8cm. Still. Twelve hours of additional labor, on top of the 22 or so from the previous day. Eight. Centimeters.
WTF. This sucks. |
It was around this time that they told me my blood work was coming back a little high, edging toward pre-eclampsia, and if I continued to not progress and my levels continued to raise, I'd need a c-section. I felt like just giving up and asking for the c-section, but I was too afraid to. I kept picturing pushing the first baby out and the doctor having to reach up inside of me for the second baby. BECAUSE THAT'S WHAT THEY DO FOR TWINS. There was no f*cking way.
Gina, knowing how miserable I was, asked, "If she needs a c-section, how long will it take to get her into surgery?"
"An hour and a half or so."
So we waited. I breathed. I closed my eyes. I breathed some more. I had a 10pm blood draw. At 11, they came in and said, "Okay, your levels are high and you're not progressing, so we're gonna have to do a c-section, okay?"

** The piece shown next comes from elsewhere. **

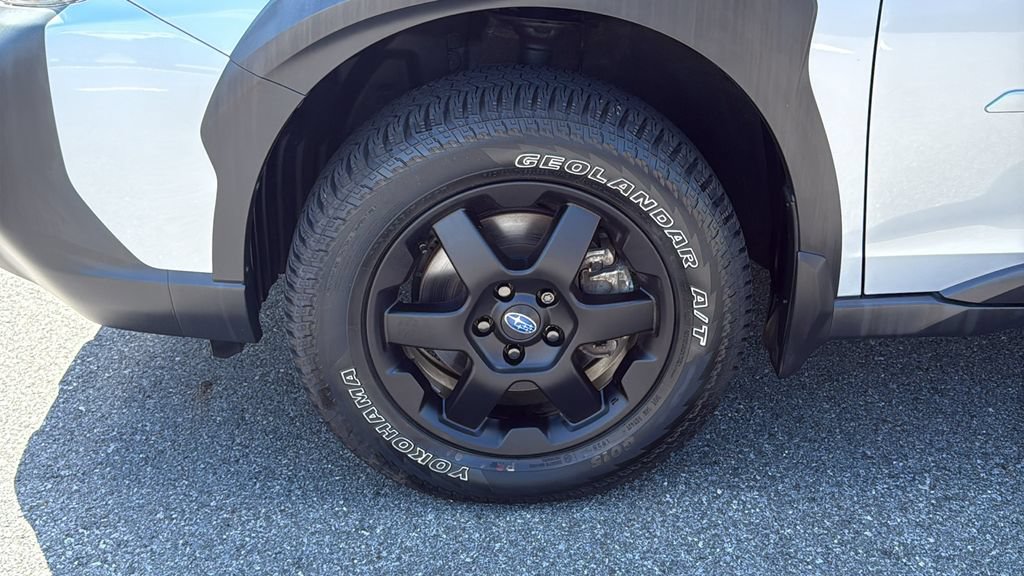Certified 2025 Subaru Outback Wilderness AWD/4WD image 8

I nodded. Gina asked, "How long? An hour and a half?"
"Twenty minutes."
And just like that, 6 nurses came in and started prepping me for surgery -cleaning, shaving, rubbing iodine all over the place - and I was wheeled down the hall to the OR. I went into surgery around 11:20pm. After about 15 minutes of two dozen doctors & nurses getting everything ready, and the anesthesiologist drugging me, Gina was allowed back in and it was show time. I had two anesthesiologists, both explaining to me everything that was happening, everything that I should be feeling, all in a very calm voice, and repeating, "You're doing great, Katie. This is all very normal." And I realized in that minute how insane it was that I was having this major surgery in this brightly lit operating room while I was fully AWAKE.
This is pretty damn intimidating. |
And then, as though it happened yesterday, I remember the moment. The moment my babies came into this world, into my life, for real. The anesthesiologist held up a mirror for me. I could feel my body moving slightly as the doctors worked to tug my babies out of me.
"Get ready," he said into my ear.
They warned me the babies might not cry at first, so when a slimy, slippery-looking baby was pulled out of me and held up for me to see, I wasn't worried when I didn't hear a cry. "It's a girl!" Dr. Canavan said.
"That's a big baby!" the anesthesiologist said.
Seraphina - 7lbs, 11oz. 21 1/4 inches. |
But I barely registered that. I was confused. A girl? Baby A was a boy. WAS I ABOUT TO BE THE MOTHER OF FOUR GIRLS?!
"There's a boy in there too, right?" I asked, panicked, pleading.
More tugging. Less than a minute passed. "...and a boy!"
My favorite photo - Dr. Canavan and Kieran, 7lbs, 3 oz. 20 1/2 inches. |
Again, the anesthesiologist: "Those are huge babies!"
Unlike his sister, Kieran cried the second the air hit his lungs, and when I heard his wail, so distinctive even now, I started sobbing. The nine months of anticipation hit me heard in that one moment, and I finally let myself believe that I had actually been pregnant. Every feeling you have as an expectant mother, every feeling I pushed away for fear of getting too excited, too attached, every feeling I didn't feel flooded my soul and my mind and I could barely catch my breath.
They were here. These babies I had waited for my entire life here here, and they were healthy. I had managed to keep them inside of me for 37 weeks and 6 days, and they were here, and holy shit, this is the most amazing thing in the entire universe. They came 2 days before the six year anniversary of me losing my first baby in a hospital bed.
Suddenly, my life was full of magic and wonder in a way I welcomed but was not expecting, and in a way I didn't even realize I needed. My life finally felt unquestionably whole.